Piatti was also the type of player that did not shy away from big moments. It is true the Impact only made the playoffs twice during his tenure and never won any piece of significant silverware during his time with the team, though they came close when they finished as runners-up in the 2014-15 Concacaf Champions League.
That said, Piatti delivered regularly when the spotlight shone on him. Who could forget his postseason performance against the New York Red Bulls in 2016, in which he bagged a brace in the decisive leg at Red Bull Arena before uttering the pointed comments about the opposing side being a “weak team in the playoffs”?
Maybe the biggest slight on Piatti’s time with the Impact and in MLS is that we did not get to see enough of him in the postseason.

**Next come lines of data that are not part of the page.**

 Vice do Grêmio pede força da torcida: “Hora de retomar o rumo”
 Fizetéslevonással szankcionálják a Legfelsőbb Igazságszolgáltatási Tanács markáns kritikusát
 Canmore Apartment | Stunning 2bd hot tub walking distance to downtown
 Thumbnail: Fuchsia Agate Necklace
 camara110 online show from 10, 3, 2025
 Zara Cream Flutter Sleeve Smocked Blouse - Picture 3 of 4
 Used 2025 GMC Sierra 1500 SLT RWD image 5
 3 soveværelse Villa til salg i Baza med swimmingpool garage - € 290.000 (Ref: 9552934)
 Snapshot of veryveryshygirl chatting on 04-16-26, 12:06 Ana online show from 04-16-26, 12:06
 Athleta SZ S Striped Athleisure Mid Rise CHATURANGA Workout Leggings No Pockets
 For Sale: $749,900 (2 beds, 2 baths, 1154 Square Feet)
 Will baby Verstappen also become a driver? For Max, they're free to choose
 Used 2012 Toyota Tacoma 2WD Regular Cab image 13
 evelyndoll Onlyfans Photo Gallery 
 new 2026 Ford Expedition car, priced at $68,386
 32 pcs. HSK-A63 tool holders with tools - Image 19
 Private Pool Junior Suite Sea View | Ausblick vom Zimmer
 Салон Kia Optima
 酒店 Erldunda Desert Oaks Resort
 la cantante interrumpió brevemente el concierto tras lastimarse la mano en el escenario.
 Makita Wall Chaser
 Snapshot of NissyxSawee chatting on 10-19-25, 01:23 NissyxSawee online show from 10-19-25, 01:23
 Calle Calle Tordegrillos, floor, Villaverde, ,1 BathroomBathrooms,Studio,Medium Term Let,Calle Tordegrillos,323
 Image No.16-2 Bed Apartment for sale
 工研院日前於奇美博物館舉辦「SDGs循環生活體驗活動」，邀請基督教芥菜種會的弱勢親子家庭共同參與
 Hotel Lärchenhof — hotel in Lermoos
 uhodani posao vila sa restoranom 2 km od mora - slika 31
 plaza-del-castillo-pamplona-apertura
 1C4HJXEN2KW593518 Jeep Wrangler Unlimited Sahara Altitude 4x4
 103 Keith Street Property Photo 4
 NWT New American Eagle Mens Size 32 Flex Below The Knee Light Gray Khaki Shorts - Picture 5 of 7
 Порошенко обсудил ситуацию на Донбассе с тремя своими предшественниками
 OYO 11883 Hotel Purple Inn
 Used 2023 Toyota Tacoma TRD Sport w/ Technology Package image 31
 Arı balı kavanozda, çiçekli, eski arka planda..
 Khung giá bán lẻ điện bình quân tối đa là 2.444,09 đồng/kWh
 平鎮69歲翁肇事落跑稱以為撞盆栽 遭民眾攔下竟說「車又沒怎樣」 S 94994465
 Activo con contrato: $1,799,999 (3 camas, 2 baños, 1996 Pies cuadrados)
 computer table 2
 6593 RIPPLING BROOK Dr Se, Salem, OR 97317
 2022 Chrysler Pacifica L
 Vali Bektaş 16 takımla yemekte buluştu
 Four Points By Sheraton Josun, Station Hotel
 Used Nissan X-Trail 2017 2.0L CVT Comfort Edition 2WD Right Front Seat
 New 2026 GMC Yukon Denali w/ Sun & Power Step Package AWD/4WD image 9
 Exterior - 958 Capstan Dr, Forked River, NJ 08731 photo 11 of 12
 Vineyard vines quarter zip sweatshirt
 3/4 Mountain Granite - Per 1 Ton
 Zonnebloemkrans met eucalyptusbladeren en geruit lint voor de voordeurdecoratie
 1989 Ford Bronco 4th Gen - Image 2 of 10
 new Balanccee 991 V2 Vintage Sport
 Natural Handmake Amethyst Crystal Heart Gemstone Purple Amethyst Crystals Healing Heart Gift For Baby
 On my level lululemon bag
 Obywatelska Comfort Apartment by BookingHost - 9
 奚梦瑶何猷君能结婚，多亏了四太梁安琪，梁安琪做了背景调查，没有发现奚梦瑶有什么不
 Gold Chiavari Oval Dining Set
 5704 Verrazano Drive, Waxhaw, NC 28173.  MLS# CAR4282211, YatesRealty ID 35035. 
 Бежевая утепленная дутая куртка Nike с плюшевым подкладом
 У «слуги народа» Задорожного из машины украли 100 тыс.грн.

That we were unable to witness him conjure up his propensity for magic in more pressure-packed matches. That he did not have even more opportunities to amaze with his quality and skill.
The Impact’s shortcomings have as much to do with that as anything, however. Piatti regularly lifted the team, and was a major reason why they were as competitive as they were for much of the past half-decade. If not for him, the Impact may have been as poor as the Colorado Rapids, Chicago Fire, and Orlando City.
Piatti may not be the biggest or flashiest name to have ever played in MLS, but he was one of the most productive at a time when the league began to quickly evolve. His performances not only made him a star with the Impact, but a legend in the league.
Even if his contributions flew relatively under the radar.